Sticking with the theme of colleagues in training, it was a pleasure this week to catch up with Caitlin Richens, a trainee on the national general management programme, and her colleague Jon Holley, who is a senior registrar in Orthopaedics on the East Midlands rotation.  I’ve mentioned these two colleagues before because together they’ve put together a proposal to improve patient care in a highly innovative way.  They were highly commended in the recent national Sir Peter Carr awards, which seek to recognise innovation in quality improvement for colleagues from middle management and clinical roles.  We were joined by Kathy McLean, who is the Executive Medical Director for NHS Improvement. She has taken a personal interest in Caitlin and Jon’s idea and was visiting to see how they were getting on.  They plan to develop a simple app that puts patients in the driving seat when it comes to managing their stay in hospital.  There are three simple questions that every patient should be enabled to know the answer to whilst in a hospital bed: What’s happening today? How well do I need to be to go home? When will that be?

This is all linked to our Red 2 Green programme, which seeks to value patients’ time in hospital and to make sure that their stay with us is not unnecessarily prolonged.  Jon and Caitlin’s idea is to provide a simple way whereby patients can make sure they have answers to these three simple questions and hold us to account for delivering on them.  Its real ‘power to the people stuff’!  But I’m delighted that two colleagues in training are leading this really innovative approach and I’ll let you know how things develop.

I am conscious that today is the first of September and without wanting to come over all ‘Game of Thrones’, winter is coming!  For many working in our hospitals, it feels as though winter never went away and indeed August was one of our busiest months for emergency admissions.  I’d like to take the opportunity to thank all of our teams who have worked so hard over the past month to maintain services despite this unprecedented, and to be frank, unexpected demand.  However, traditionally the winter period is more pressured and it was good to sit down with all of my health and social care system colleagues this week as we begin to pull together the Derbyshire winter plan.  Clearly, there are actions that the hospital will take to make sure we maintain patient flow, such as Red 2 Green and having sufficient beds in place. But it’s also important that external partners in primary care, community services, mental health and social care also share their plans so that our approach is truly joined up.  

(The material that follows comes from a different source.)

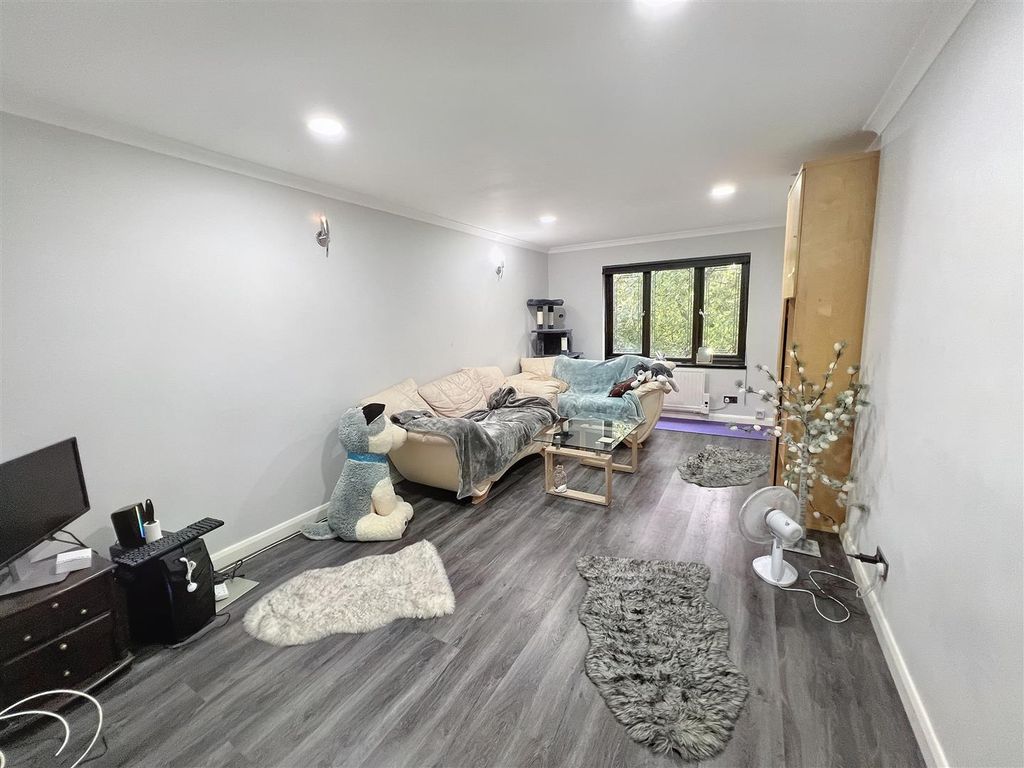 Property photo 2 of 9 Lounge:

For a bit of good news, I’m delighted to tell you that we’ve received provisional registration for our clinical trials unit here at DTHFT from the UK Clinical Research Collaboration.  I mentioned teaching earlier but research and development is also an important part of our Teaching Hospitals role.  This recognition is a real game changer for our R&D work here at the Trust.  Well done to Professor Fran Game and Teresa Grieve, who lead our R&D team here at the Trust.

Also, well done to our KTC colleagues who kept the show on the road today after our water leak last night!

Finally, its Eid al-Adha and I would like to wish all of my colleagues of the Islamic faith my best wishes and Eid Mubarak!